*EXERCISE REQUIREMENTS*.
Working from the records beneath this line, reproduce each one exactly.

*RECORDS TO PROCESS*.
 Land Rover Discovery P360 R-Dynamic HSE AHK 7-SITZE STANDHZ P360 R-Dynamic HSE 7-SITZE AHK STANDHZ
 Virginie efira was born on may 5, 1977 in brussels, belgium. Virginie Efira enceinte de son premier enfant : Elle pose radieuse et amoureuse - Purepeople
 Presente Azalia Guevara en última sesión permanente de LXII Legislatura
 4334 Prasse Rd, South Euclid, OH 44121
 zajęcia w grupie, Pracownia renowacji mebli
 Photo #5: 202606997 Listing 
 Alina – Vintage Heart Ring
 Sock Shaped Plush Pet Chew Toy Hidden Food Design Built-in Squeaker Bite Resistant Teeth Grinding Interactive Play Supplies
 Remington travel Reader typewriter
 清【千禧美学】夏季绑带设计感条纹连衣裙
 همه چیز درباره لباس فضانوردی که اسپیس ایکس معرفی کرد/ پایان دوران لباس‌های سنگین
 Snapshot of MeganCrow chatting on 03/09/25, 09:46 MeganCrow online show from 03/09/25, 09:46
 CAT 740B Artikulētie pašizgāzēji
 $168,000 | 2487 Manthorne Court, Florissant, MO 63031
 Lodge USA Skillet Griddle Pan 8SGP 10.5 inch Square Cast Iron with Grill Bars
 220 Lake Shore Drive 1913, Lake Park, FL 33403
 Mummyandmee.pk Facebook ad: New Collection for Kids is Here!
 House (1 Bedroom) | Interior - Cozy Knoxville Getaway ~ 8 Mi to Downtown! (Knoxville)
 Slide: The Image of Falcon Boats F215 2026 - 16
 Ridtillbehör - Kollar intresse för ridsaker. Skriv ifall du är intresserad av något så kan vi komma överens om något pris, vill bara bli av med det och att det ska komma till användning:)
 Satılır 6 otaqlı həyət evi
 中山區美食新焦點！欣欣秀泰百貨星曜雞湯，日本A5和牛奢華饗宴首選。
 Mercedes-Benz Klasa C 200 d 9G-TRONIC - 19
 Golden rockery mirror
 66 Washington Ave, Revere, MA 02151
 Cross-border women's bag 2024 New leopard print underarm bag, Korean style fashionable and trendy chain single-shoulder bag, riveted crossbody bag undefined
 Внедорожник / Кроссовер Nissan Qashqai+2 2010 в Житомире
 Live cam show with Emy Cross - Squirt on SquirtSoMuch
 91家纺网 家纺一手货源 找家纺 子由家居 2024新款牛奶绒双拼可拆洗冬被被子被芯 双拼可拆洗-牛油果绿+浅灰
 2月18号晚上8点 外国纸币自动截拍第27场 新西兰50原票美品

*RESPONSE BOX*.
 Land Rover Discovery P360 R-Dynamic HSE AHK 7-SITZE STANDHZ P360 R-Dynamic HSE 7-SITZE AHK STANDHZ
 Virginie efira was born on may 5, 1977 in brussels, belgium. Virginie Efira enceinte de son premier enfant : Elle pose radieuse et amoureuse - Purepeople
 Presente Azalia Guevara en última sesión permanente de LXII Legislatura
 4334 Prasse Rd, South Euclid, OH 44121
 zajęcia w grupie, Pracownia renowacji mebli
 Photo #5: 202606997 Listing 
 Alina – Vintage Heart Ring
 Sock Shaped Plush Pet Chew Toy Hidden Food Design Built-in Squeaker Bite Resistant Teeth Grinding Interactive Play Supplies
 Remington travel Reader typewriter
 清【千禧美学】夏季绑带设计感条纹连衣裙
 همه چیز درباره لباس فضانوردی که اسپیس ایکس معرفی کرد/ پایان دوران لباس‌های سنگین
 Snapshot of MeganCrow chatting on 03/09/25, 09:46 MeganCrow online show from 03/09/25, 09:46
 CAT 740B Artikulētie pašizgāzēji
 $168,000 | 2487 Manthorne Court, Florissant, MO 63031
 Lodge USA Skillet Griddle Pan 8SGP 10.5 inch Square Cast Iron with Grill Bars
 220 Lake Shore Drive 1913, Lake Park, FL 33403
 Mummyandmee.pk Facebook ad: New Collection for Kids is Here!
 House (1 Bedroom) | Interior - Cozy Knoxville Getaway ~ 8 Mi to Downtown! (Knoxville)
 Slide: The Image of Falcon Boats F215 2026 - 16
 Ridtillbehör - Kollar intresse för ridsaker. Skriv ifall du är intresserad av något så kan vi komma överens om något pris, vill bara bli av med det och att det ska komma till användning:)
 Satılır 6 otaqlı həyət evi
 中山區美食新焦點！欣欣秀泰百貨星曜雞湯，日本A5和牛奢華饗宴首選。
 Mercedes-Benz Klasa C 200 d 9G-TRONIC - 19
 Golden rockery mirror
 66 Washington Ave, Revere, MA 02151
 Cross-border women's bag 2024 New leopard print underarm bag, Korean style fashionable and trendy chain single-shoulder bag, riveted crossbody bag undefined
 Внедорожник / Кроссовер Nissan Qashqai+2 2010 в Житомире
 Live cam show with Emy Cross - Squirt on SquirtSoMuch
 91家纺网 家纺一手货源 找家纺 子由家居 2024新款牛奶绒双拼可拆洗冬被被子被芯 双拼可拆洗-牛油果绿+浅灰
 2月18号晚上8点 外国纸币自动截拍第27场 新西兰50原票美品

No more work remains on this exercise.